### Assignment
The reply must repeat each entry exactly and contain no pictures.

Excerpts from a dataset

►

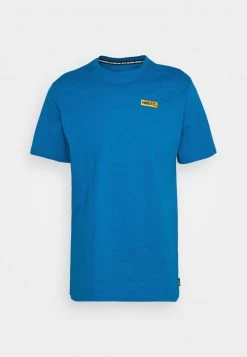 Nike Performance FC TEE SEASONAL - T-Shirt Print - Dark Marina Blue | Herren 8 Nike Performance FC TEE SEASONAL - T-Shirt Print - Dark Marina Blue | Herren -Angebote Nike Store b35aab81d55a4cf2af20bd63f8f59835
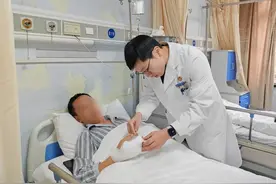 他的手指在这里恢复了温度……图片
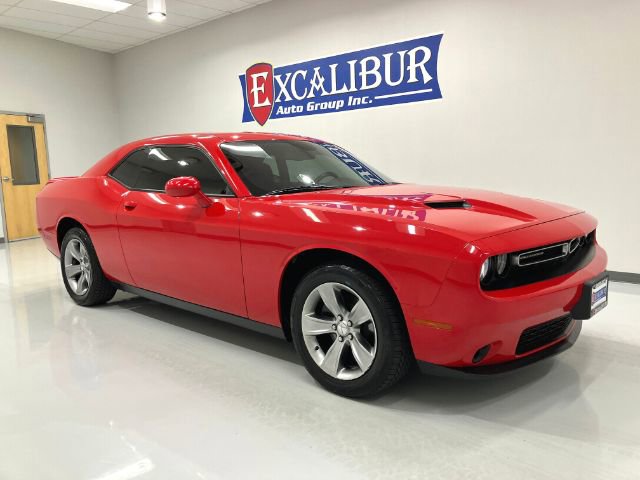 Used 2019 Dodge Challenger SXT image 14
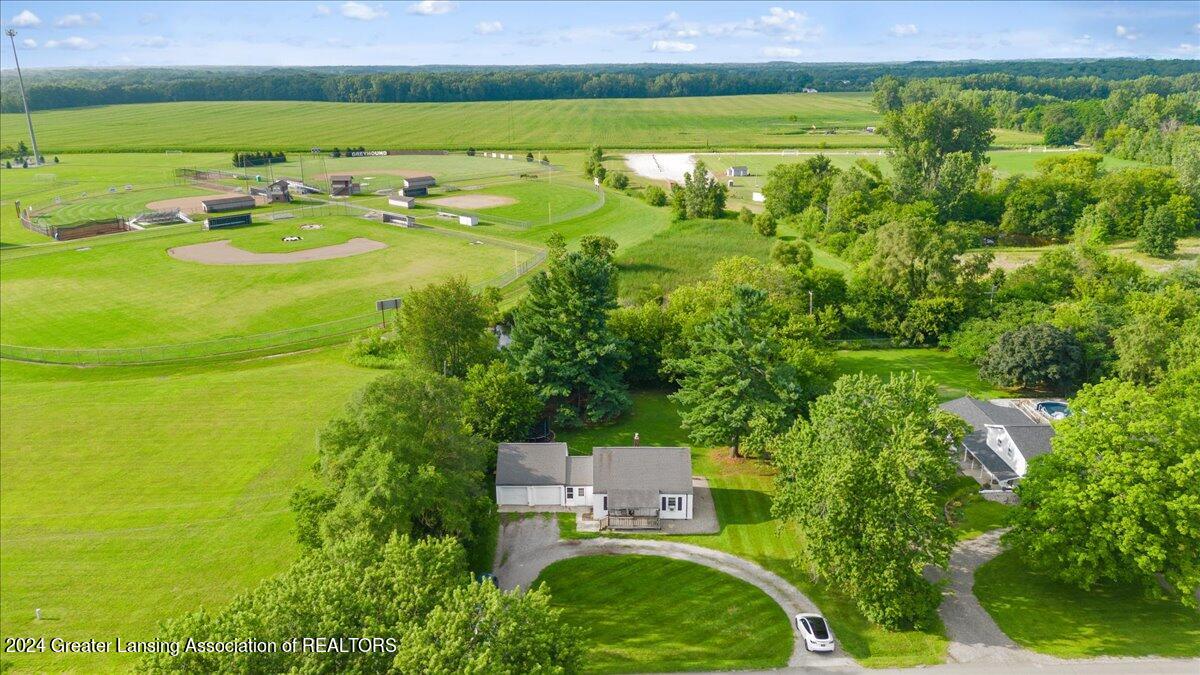 10333 Plains Road Eaton Rapids, MI 48827 - Photo 3 of 31 04-Media Jett - 02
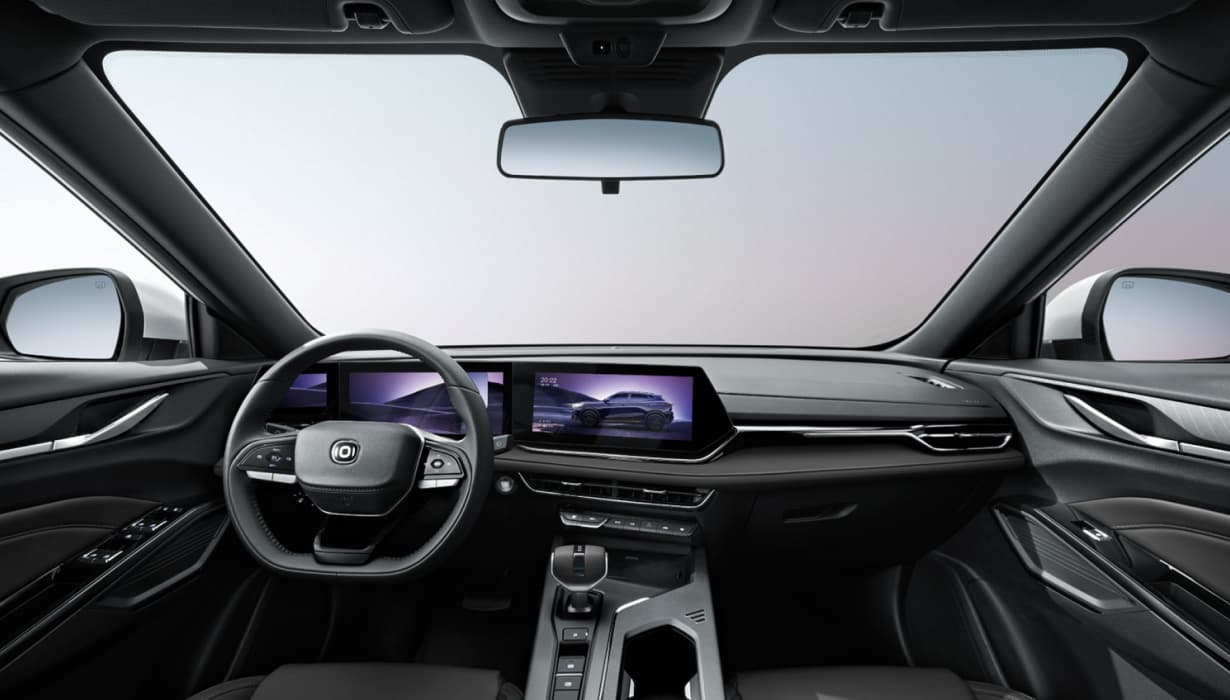 Panel de instrumentos de 12.3", pantalla auxiliar para conductor de 4.5", conectividad con CarPlay y Android Auto, y volante multifuncion forrado en piel sintetica.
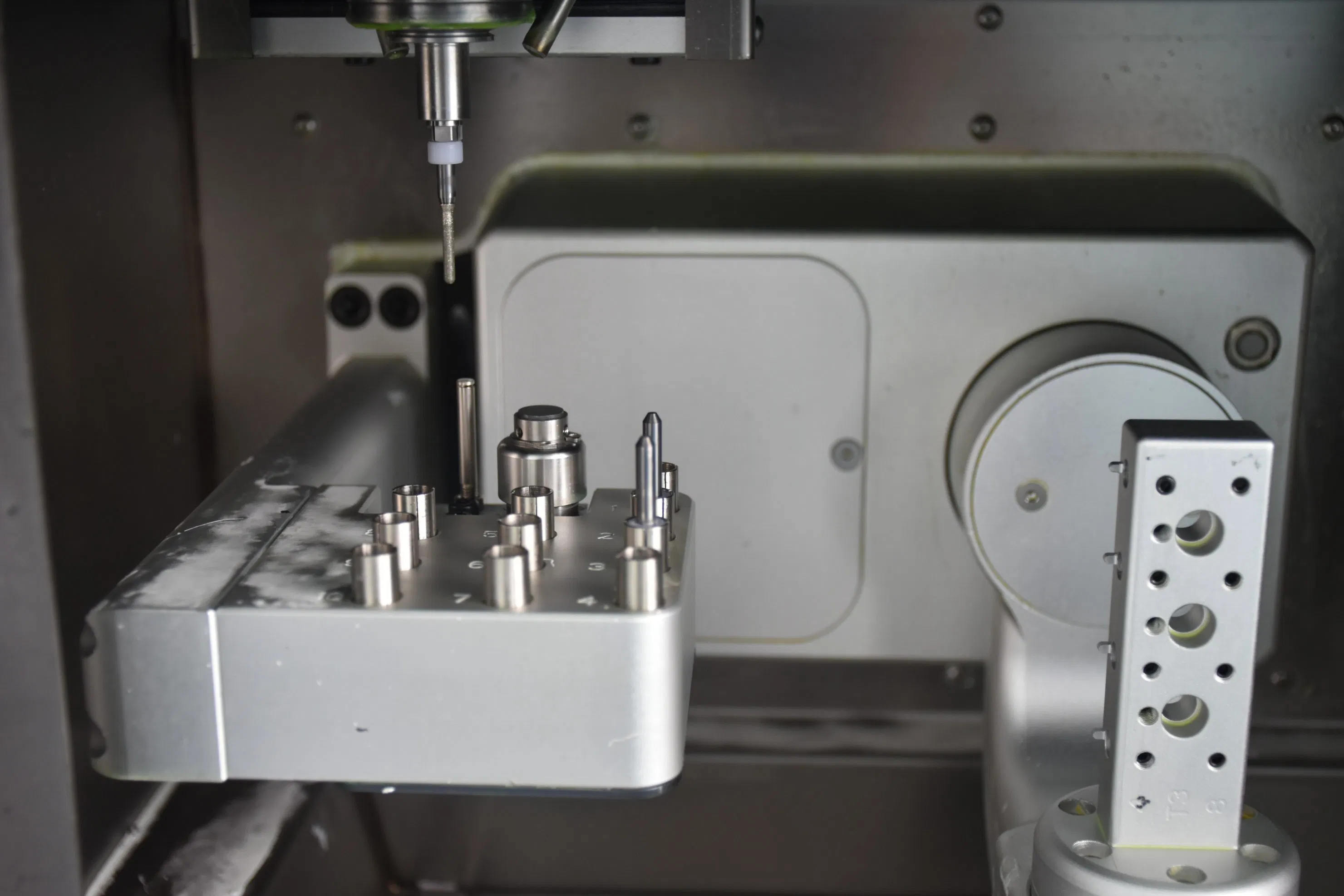 Yucera Yrc-6X Dental Lab Milling Solution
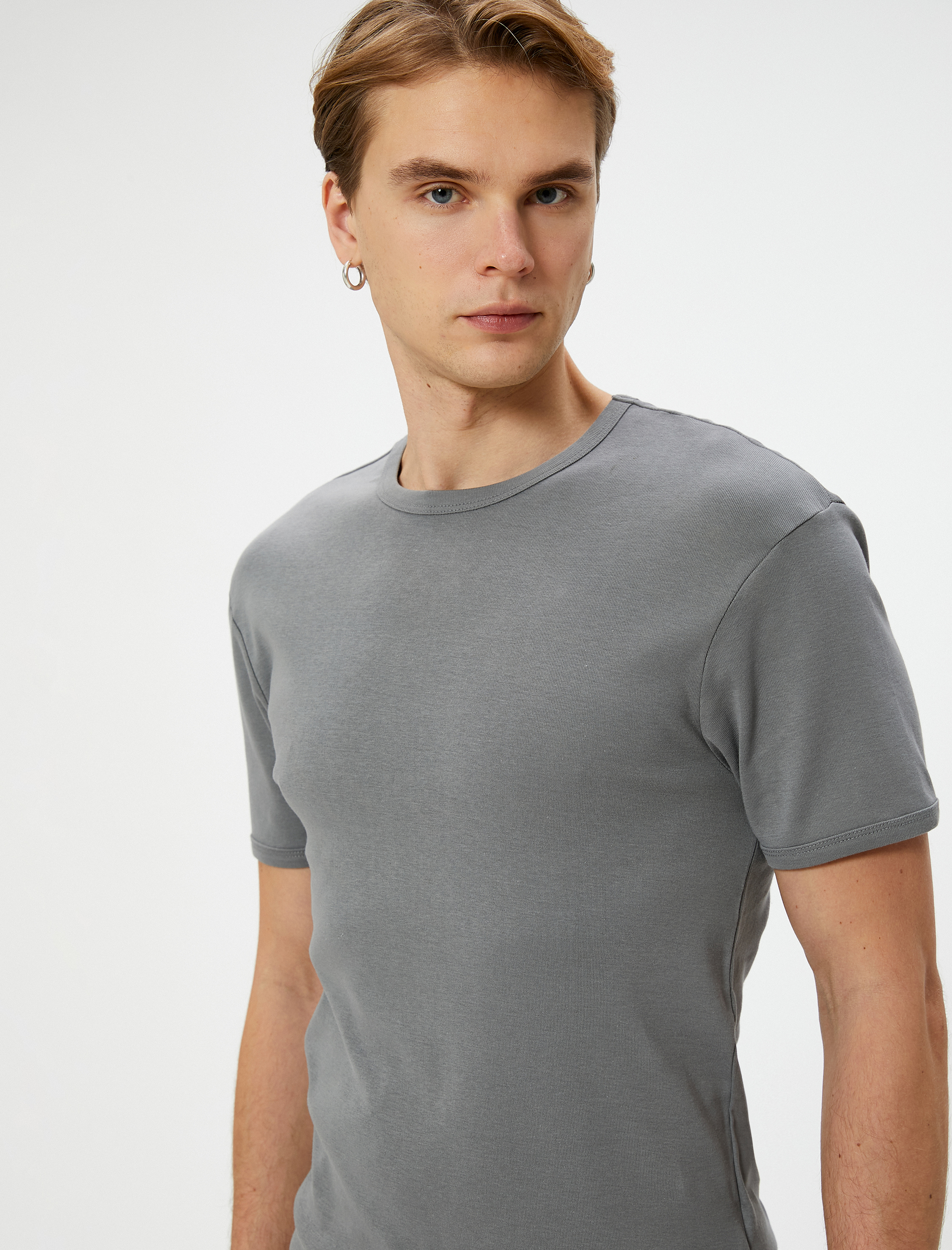Basic Tişört Slim Fit Bisiklet Yaka Kısa Kollu Pamuklu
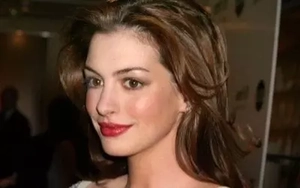 Người phụ nữ đẹp nhất thế giới năm 2026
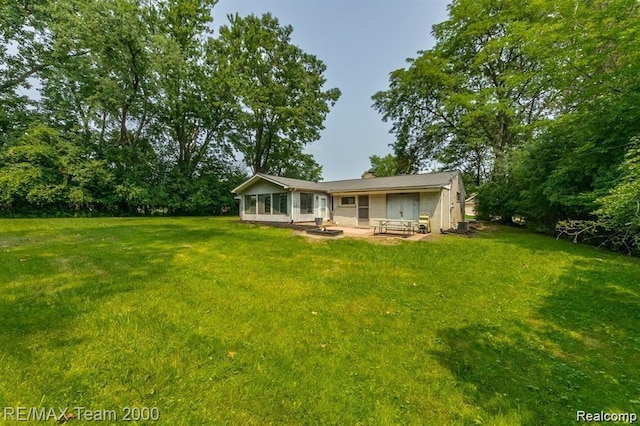 28045 W Greenmeadow Cir, Farmington Hills, MI 48334 - rear view of property featuring a lawn and a patio area
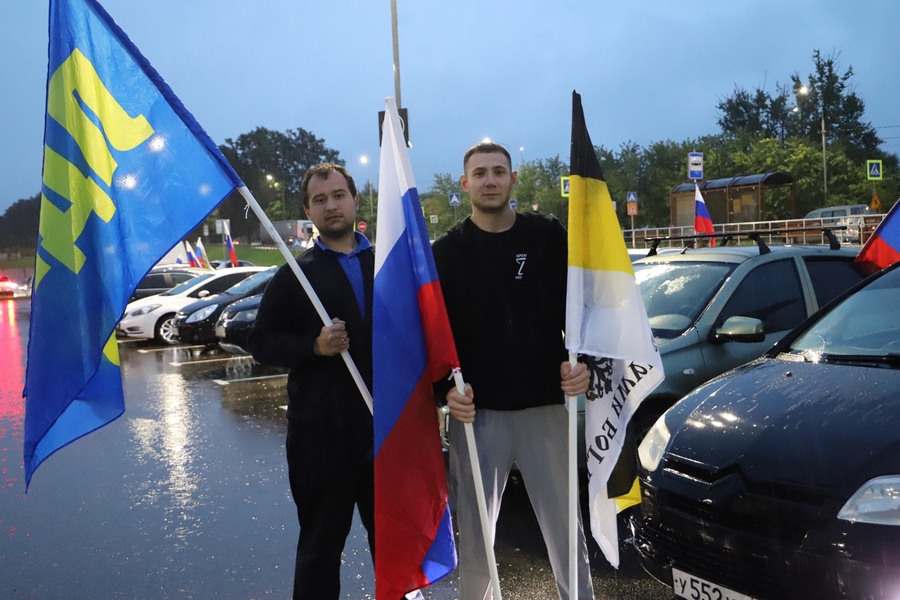 Партийцы Тулы приняли участие в патриотическом автопробеге, посвященном Дня флага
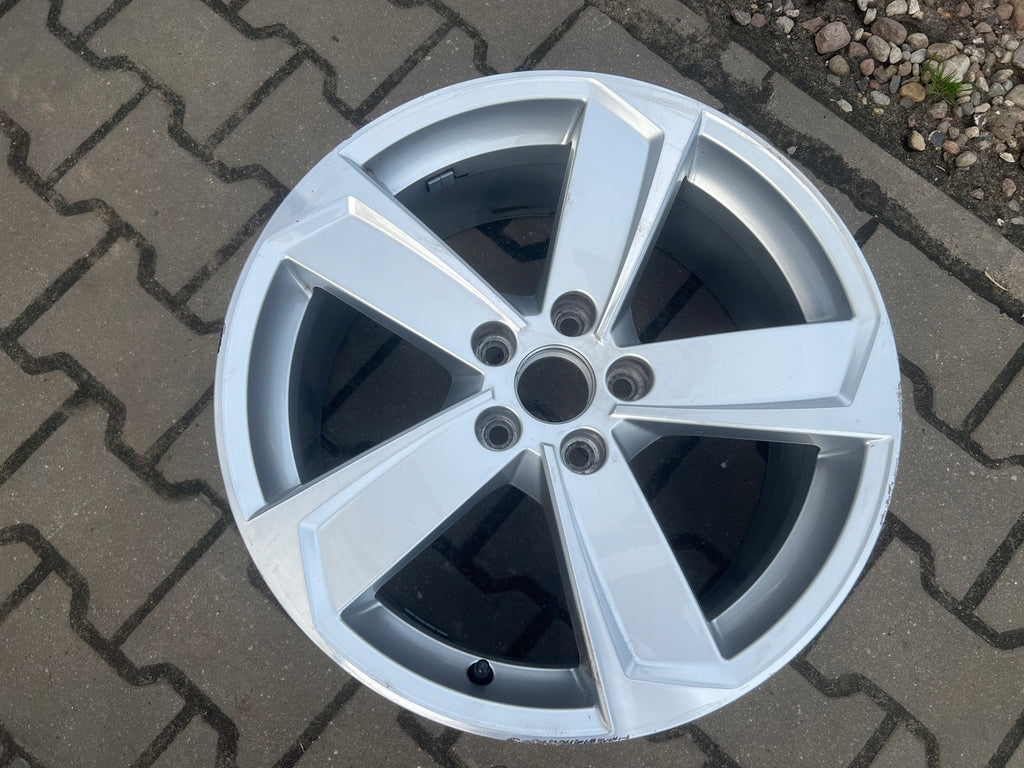 1x Alufelge 18 Zoll 8.0" 5x112 46ET V0601025DF Audi Rim Wheel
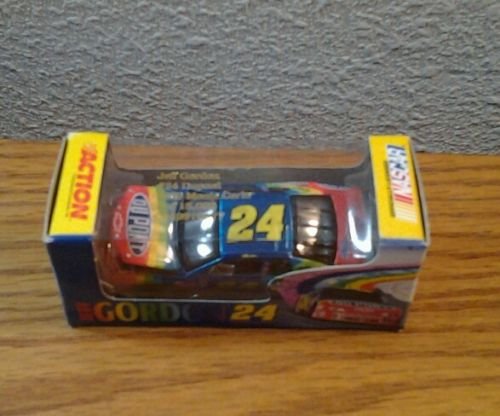 #24 JEFF GORDON DUPONT  LIMITED EDITION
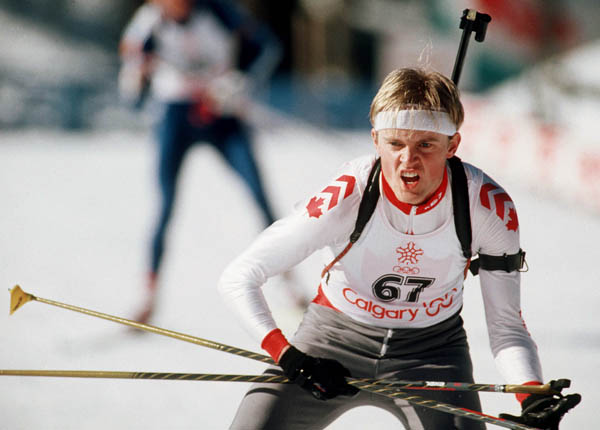 Jamie Kallio du Canada participe au biathlon aux Jeux olympiques d'hiver de Calgary de 1988. (Photo PC/AOC)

◄

### Output
 Nike Performance FC TEE SEASONAL - T-Shirt Print - Dark Marina Blue | Herren 8 Nike Performance FC TEE SEASONAL - T-Shirt Print - Dark Marina Blue | Herren -Angebote Nike Store b35aab81d55a4cf2af20bd63f8f59835
 他的手指在这里恢复了温度……图片
 Used 2019 Dodge Challenger SXT image 14
 10333 Plains Road Eaton Rapids, MI 48827 - Photo 3 of 31 04-Media Jett - 02
 Panel de instrumentos de 12.3", pantalla auxiliar para conductor de 4.5", conectividad con CarPlay y Android Auto, y volante multifuncion forrado en piel sintetica.
 Yucera Yrc-6X Dental Lab Milling Solution
Basic Tişört Slim Fit Bisiklet Yaka Kısa Kollu Pamuklu
 Người phụ nữ đẹp nhất thế giới năm 2026
 28045 W Greenmeadow Cir, Farmington Hills, MI 48334 - rear view of property featuring a lawn and a patio area
 Партийцы Тулы приняли участие в патриотическом автопробеге, посвященном Дня флага
 1x Alufelge 18 Zoll 8.0" 5x112 46ET V0601025DF Audi Rim Wheel
 #24 JEFF GORDON DUPONT  LIMITED EDITION
 Jamie Kallio du Canada participe au biathlon aux Jeux olympiques d'hiver de Calgary de 1988. (Photo PC/AOC)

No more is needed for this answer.